Pictures with short captions:
··········
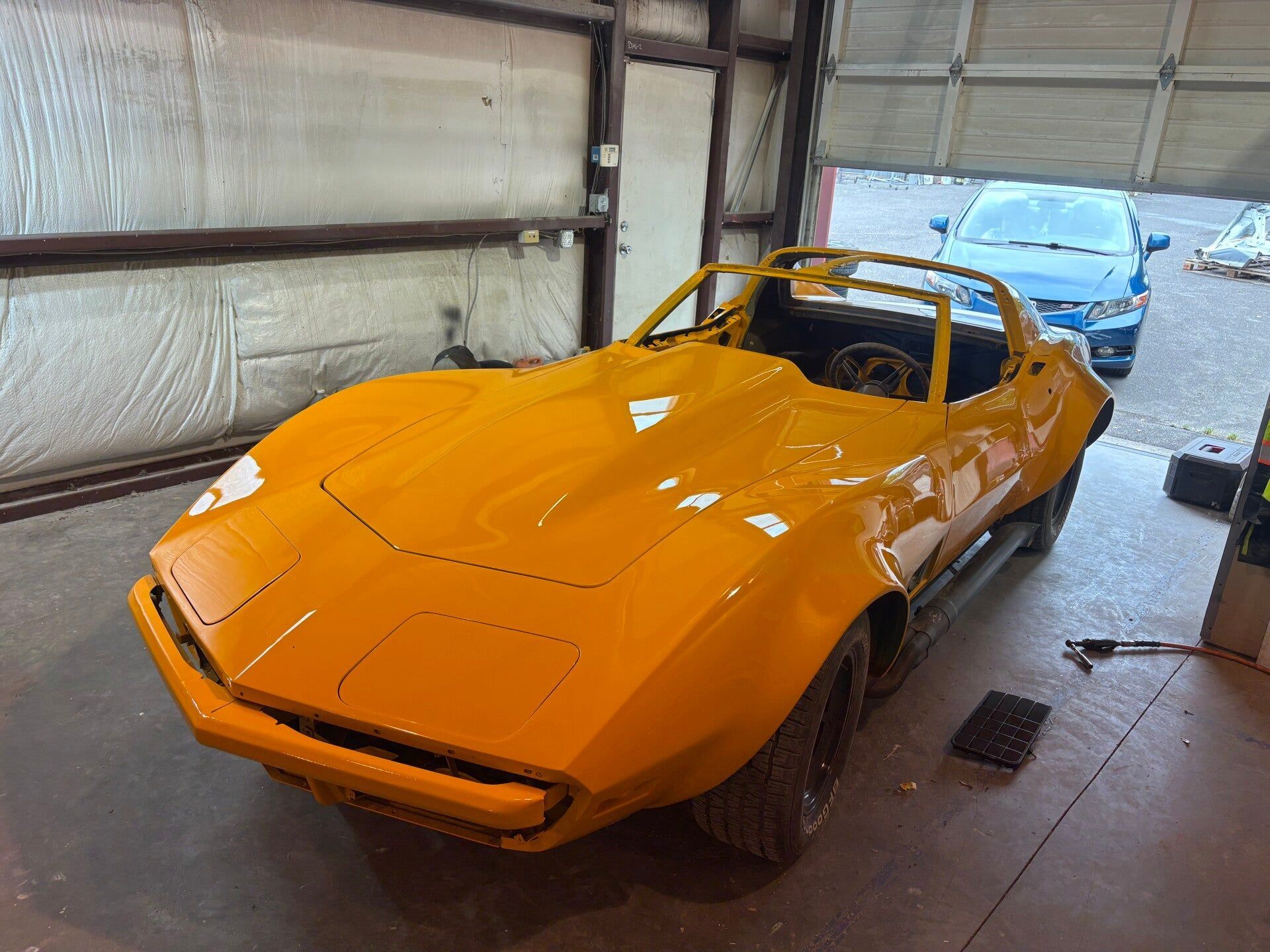 Orange vintage sports car in a garage, shown front-left with a blue car behind it.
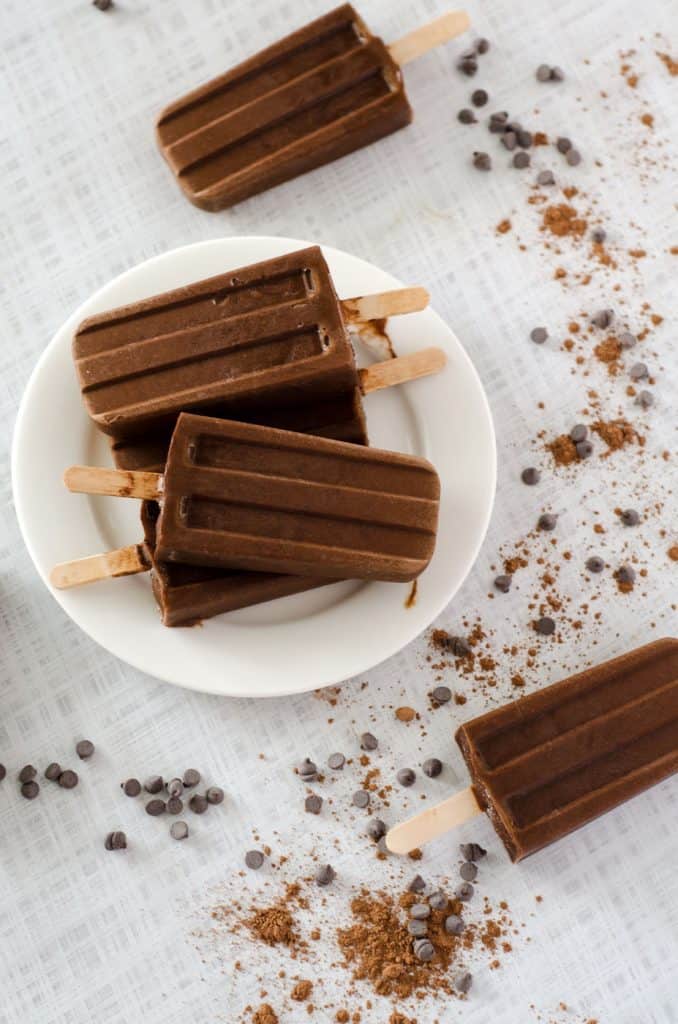 Overhead view of chocolate keto popsicles stacked on a white plate on a tabletop surrounded by cocoa powder and chocolate chips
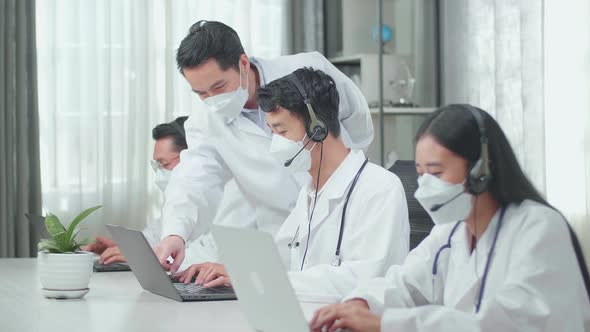 A Man Coming To Help One Man Of Three Asian Doctors In Masks Working As Call Centre Agent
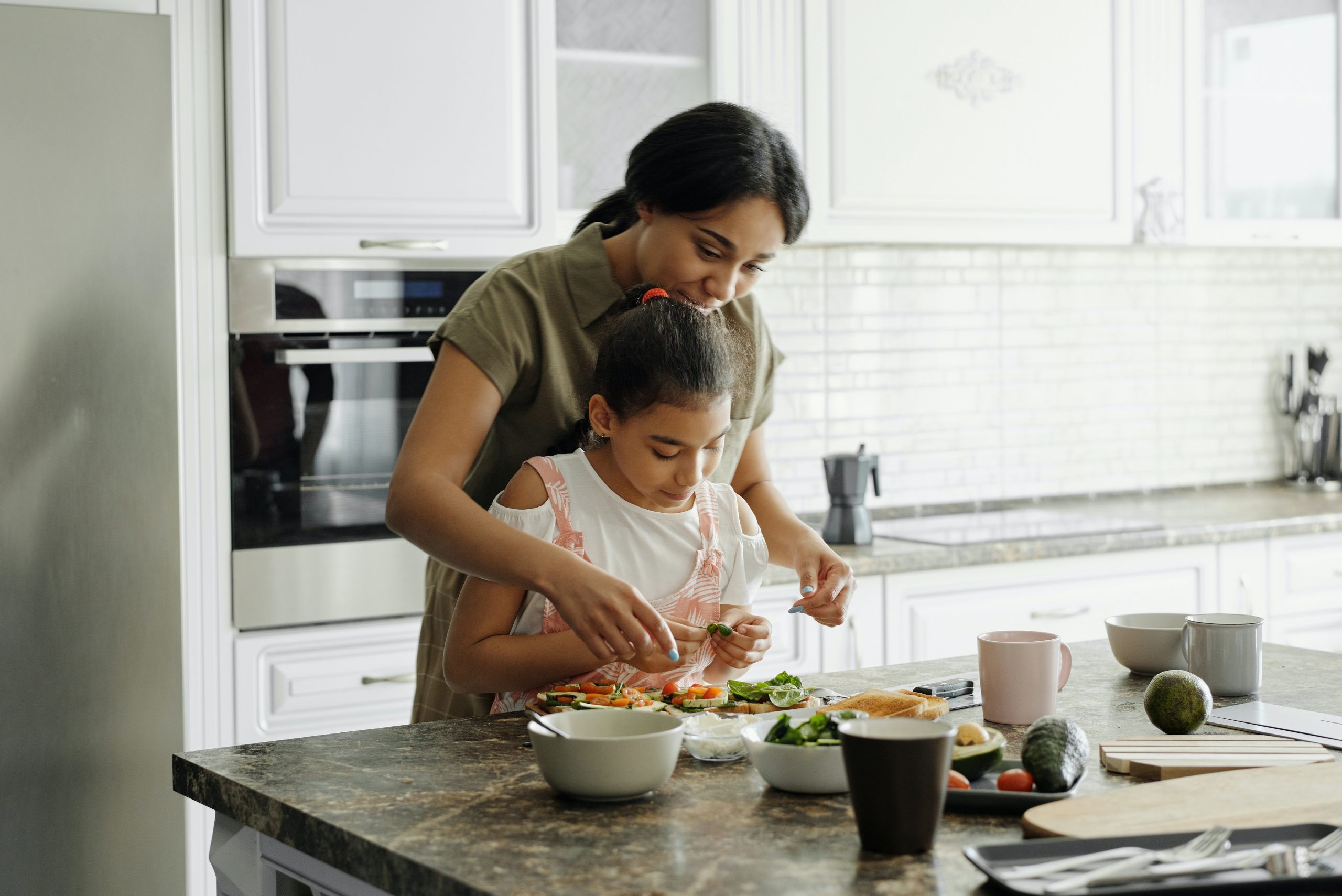 pre-diabetes-prevention-intuitive-nutrition Mother and daughter preparing avocado toast. Learn more about pre-diabetes prevention with Intuitive Nutrition.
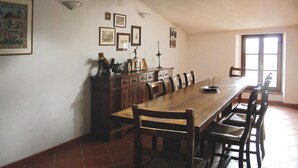 A dining room with a long wooden table, chairs, a cabinet with decorative items, and framed pictures on the wall.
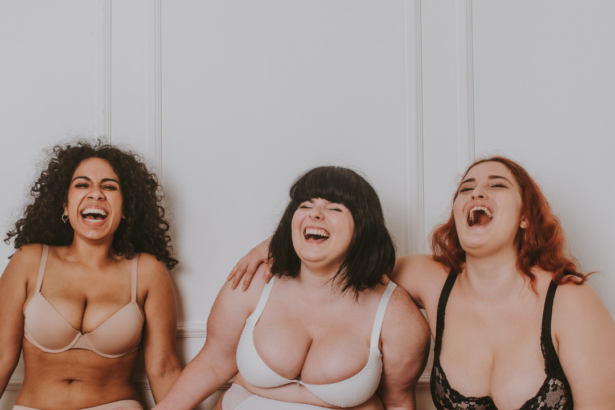 Three plus size women laughing happily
··········
Please print the span that begins at the line holding "Overhead view of" and ends at the last line of the data, both ends included, with no pictures.

• [TASK OUTPUT]:
 Overhead view of chocolate keto popsicles stacked on a white plate on a tabletop surrounded by cocoa powder and chocolate chips
 A Man Coming To Help One Man Of Three Asian Doctors In Masks Working As Call Centre Agent
 pre-diabetes-prevention-intuitive-nutrition Mother and daughter preparing avocado toast. Learn more about pre-diabetes prevention with Intuitive Nutrition.
 A dining room with a long wooden table, chairs, a cabinet with decorative items, and framed pictures on the wall.
 Three plus size women laughing happily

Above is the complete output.